The pundits mostly agree it was a draw and who am I to argue with so many people who know so little, but talk so much. The campaign political strategists think it was a win for their candidate. I think they both missed the point—which was that the economy is in the toilet, people are seriously hurting, pension plans and savings went the way of the wind, the war is usurping much needed capital, and the candidates were trying to explain their health care plans—which no one understands. Not that health care isn’t important, but it has to be explained within the context of everyday financial suffering for “just plain folks”. The public has one question of the candidates. “What will you do to make things better”. OK maybe two questions. “What can I do to make things better?” Neither answered either. (Now putting on my PR Professor hat) Why is what they say important to me? How will it affect my life? If it’s too complicated the public won’t understand nor will I listen. It’s the reason emotional appeals and character attacks (if they are crafted sensibly), work so well. Anyway, no winner, and more importantly for the campaigns, no loser.
On Monday I went to a screening of a new movie about the 1992 Clinton “War Room”, revisited. James Carville, DeeDee Myers, Stan Greenberg, Mark Miller (from Newsweek) Lisa Caputo, and an assortment of government (Cong. Rosa DeLauro) and celebrities were in attendance. George Stuffingonenvelopes, (That’s what the media called him in the White House), Paul Begala , Frank Luntz and Mary Matalin, were absent. It was an interesting film for insiders but I’m not sure who, other than those of us who were involved, would really care. Included in the film is a short clip from my Chicken George campaign. That’s when I sent chickens out to every “Poppy” (as Mary Matalin calls him) event because he refused to debate Clinton. I was reminded that I had many arguments with James and George over the chickens – they hated them, until they worked. None of the people who worked on the Counter Events operation was seen on camera in “The War Room” movie. The chicken made an appearance and you do hear conversations with me on the phone. But we didn’t really want to be identified because we were better off ‘under the radar”. I wonder what people called that before we had radar?

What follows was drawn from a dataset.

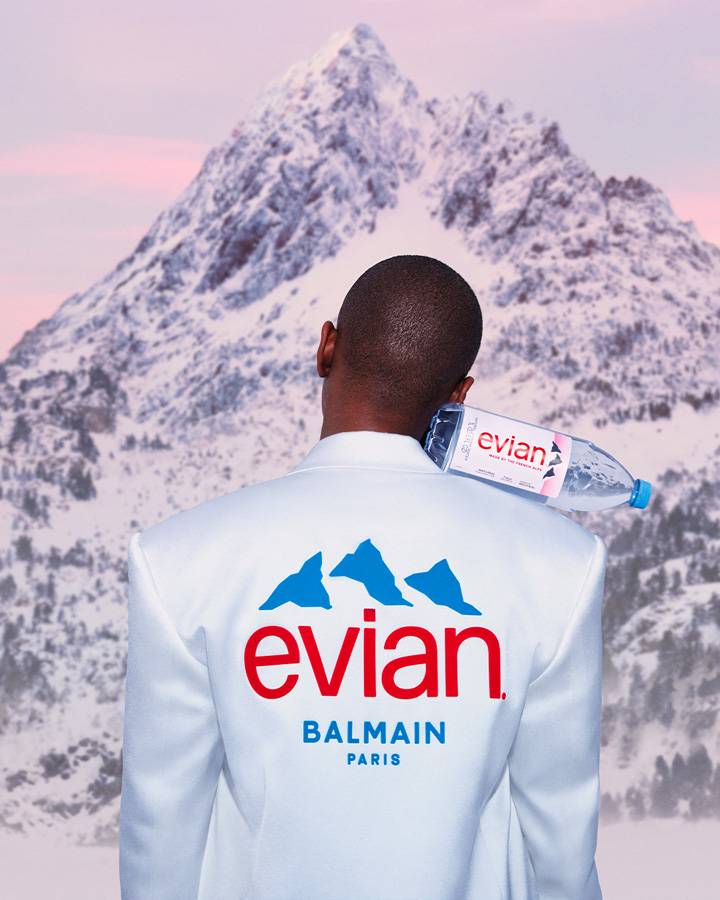 La collection de pret-à-porter Balmain x Evian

The back story on our small group of vigilantes is almost as interesting as the events we produced. In 1992, there were many people from previous campaigns who wanted to help Clinton. But when they contacted the campaign they were told that it was a new kind of campaign (that meant they were too old) and the best way to help was to give money. Large numbers of these political activists wanted hands on involvement so they turned to us and we found lots of things for them to do other than dress as chickens or other costumed characters. For example, they became part of the “Harry Truman Truth Squad,” or when Hillary would go out and speak and we heard there would be a protest, we contacted a local transportation union and they would surround the site of her event with trucks and buses, thereby preventing the press from seeing the protest. We didn’t discourage the protest (it’s an American right), we just didn’t help the media to see it – unless they went outside the event perimeter, which mostly didn’t happen.

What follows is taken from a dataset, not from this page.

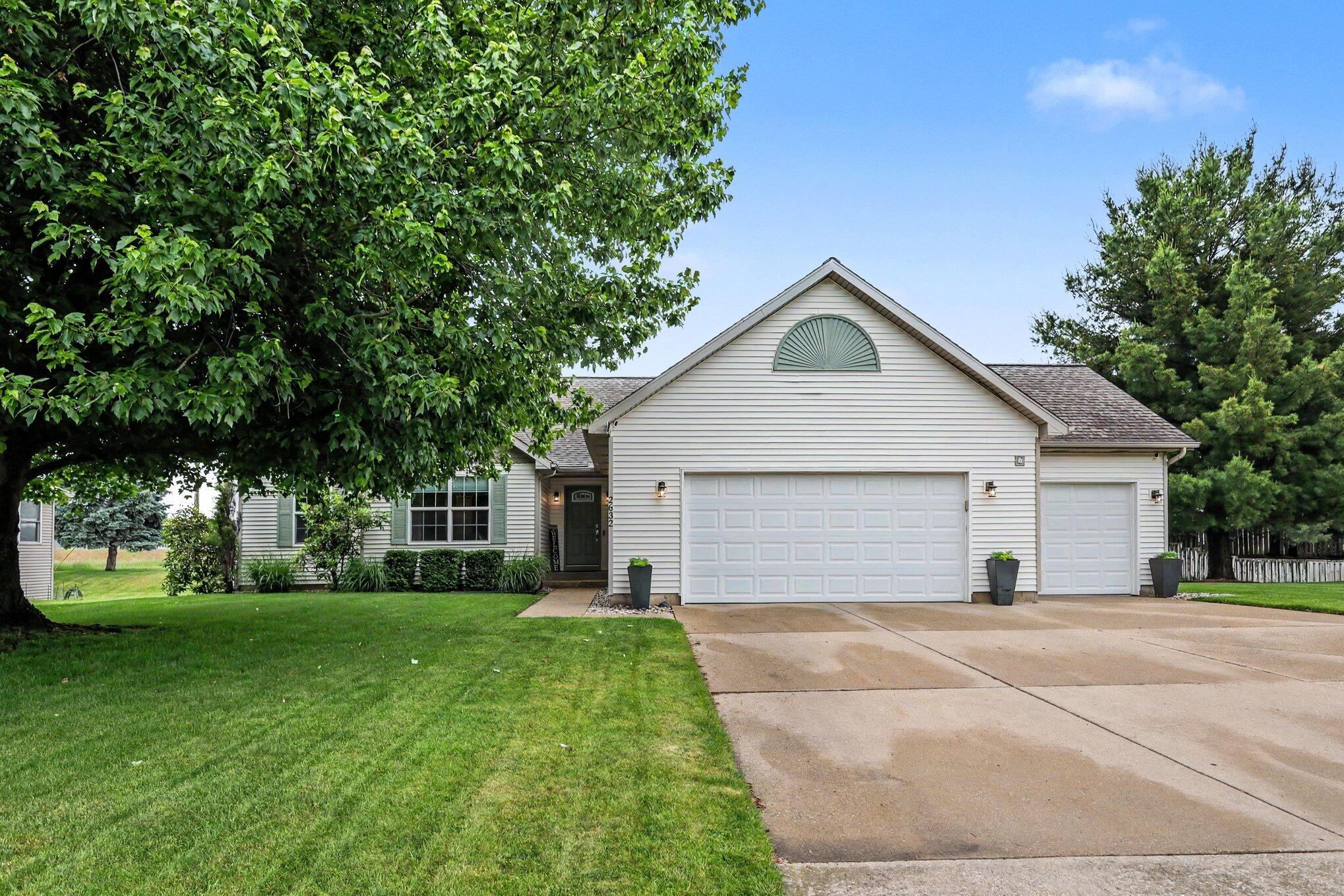 2632 Fairfield Drive Zeeland MI 49464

In the Gore and to some degree the Kerry campaign, they made the mistake of not finding ways for concerned but not political people to do more than fundraise. The Obama campaign has learned that you need to provide people with jobs to get them to feel like they are part of the effort. Millions of volunteers, young and old, have a vested interest in the success of that campaign. I’m not sure how the McCain people are “reaching out” as my friend Sid would say, to help increase the circle of voters who have a hands-on commitment to the campaign. But I believe the candidate who has the most effective people-to-people volunteer effort, along with most creative technologies, will be the President at noon, on Jan 20, 2009.